Definition
Techniques of neutralisation are linguistic and cognitive moves that allow people who broadly accept conventional moral rules to commit acts that violate them, without feeling like criminals. They drift in and out of deviance by neutralising the guilt that the dominant value system would otherwise produce.
The framework was introduced by Gresham Sykes and David Matza in a 1957 American Sociological Review paper and extended in Matza's 1964 book Delinquency and Drift. They identified five techniques: denial of responsibility ("I had no choice"), denial of injury ("nobody got hurt"), denial of the victim ("they had it coming"), condemnation of the condemners ("the police are worse"), and appeal to higher loyalties ("I did it for my friends").
Why it matters
How it works
Analytically, neutralisations are not post-hoc excuses heard from the dock — they precede or accompany the act and make it psychologically possible. An employee who pads an expense report tells themselves the firm can afford it (denial of injury) and that everyone does it (condemnation of the condemners). A soldier who shoots a civilian invokes orders (denial of responsibility) and the protection of comrades (appeal to higher loyalties).

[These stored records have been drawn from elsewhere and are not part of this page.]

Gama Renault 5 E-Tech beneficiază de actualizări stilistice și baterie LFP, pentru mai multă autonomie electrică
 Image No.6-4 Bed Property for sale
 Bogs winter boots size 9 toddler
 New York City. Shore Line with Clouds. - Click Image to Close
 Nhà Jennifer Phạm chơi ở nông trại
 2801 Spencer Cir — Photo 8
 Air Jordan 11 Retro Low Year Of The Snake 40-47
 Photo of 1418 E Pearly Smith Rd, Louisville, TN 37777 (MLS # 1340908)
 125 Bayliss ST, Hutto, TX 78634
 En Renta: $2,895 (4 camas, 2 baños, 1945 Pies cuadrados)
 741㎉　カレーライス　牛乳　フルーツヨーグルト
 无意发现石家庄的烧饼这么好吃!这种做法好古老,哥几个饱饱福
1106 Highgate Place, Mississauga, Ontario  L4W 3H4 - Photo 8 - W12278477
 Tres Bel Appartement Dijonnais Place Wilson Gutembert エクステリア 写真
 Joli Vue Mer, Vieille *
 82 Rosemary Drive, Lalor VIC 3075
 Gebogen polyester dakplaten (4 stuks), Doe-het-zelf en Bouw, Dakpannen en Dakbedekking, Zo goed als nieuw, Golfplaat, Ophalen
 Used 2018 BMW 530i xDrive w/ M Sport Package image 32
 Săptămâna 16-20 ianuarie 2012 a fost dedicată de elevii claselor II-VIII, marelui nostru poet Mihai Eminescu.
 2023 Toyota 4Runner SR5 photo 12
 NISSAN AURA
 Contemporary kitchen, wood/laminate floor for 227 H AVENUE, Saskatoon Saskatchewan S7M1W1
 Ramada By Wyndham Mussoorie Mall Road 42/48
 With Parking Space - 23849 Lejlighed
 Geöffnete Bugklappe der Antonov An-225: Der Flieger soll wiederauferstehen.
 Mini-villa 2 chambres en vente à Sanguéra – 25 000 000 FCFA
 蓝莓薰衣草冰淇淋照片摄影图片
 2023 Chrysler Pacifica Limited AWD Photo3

The framework has been used to study tax evasion, doping in sport, sexual violence, environmental crime, and the speech of génocidaires. Critics note that neutralisations are hard to distinguish from genuine moral disagreement, and that the original five categories may not exhaust the field — researchers have proposed additions such as "defence of necessity" and "metaphor of the ledger." It remains one of the most portable mid-range concepts in criminology.